The word has 11 letters: 1 M, 4 I's, 4 S's, and 2 P's. If all letters were distinct, there would be $11!$ arrangements. However, we must account for indistinguishable letters. The number of distinct arrangements is: $\frac{11!}{1! \cdot 4! \cdot 4! \cdot 2!} = \frac{39,916,800}{1 \cdot 24 \cdot 24 \cdot 2} = 34,650$

How many ways can we distribute 10 identical balls into 4 distinct boxes?

This is a classic "stars and bars" problem. We need to find the number of non-negative integer solutions to $x_1 + x_2 + x_3 + x_4 = 10$. Using the stars and bars method, we arrange 10 stars (balls) and 3 bars (dividers) to create 4 groups: $\binom{10 + 4 - 1}{4 - 1} = \binom{13}{3} = 286$

Generally, distributing $n$ identical objects into $k$ distinct boxes has $\binom{n+k-1}{k-1}$ solutions.

A committee of 5 people is to be chosen from 6 men and 8 women. How many committees can be formed if there must be at least 2 women?
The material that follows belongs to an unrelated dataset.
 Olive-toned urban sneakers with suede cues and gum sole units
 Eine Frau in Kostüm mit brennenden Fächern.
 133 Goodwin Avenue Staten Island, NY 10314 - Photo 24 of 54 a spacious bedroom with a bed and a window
We use complementary counting. The total number of committees without restrictions is $\binom{14}{5}$. We subtract committees with 0 or 1 women: $\binom{14}{5} - \binom{6}{5}\binom{8}{0} - \binom{6}{4}\binom{8}{1}$ $= 2002 - 6 \cdot 1 - 15 \cdot 8 = 2002 - 6 - 120 = 1876$

Alternatively, we can count directly by cases (2, 3, or 4 women): $\binom{8}{2}\binom{6}{3} + \binom{8}{3}\binom{6}{2} + \binom{8}{4}\binom{6}{1} + \binom{8}{5}\binom{6}{0} = 560 + 840 + 420 + 56 = 1876$.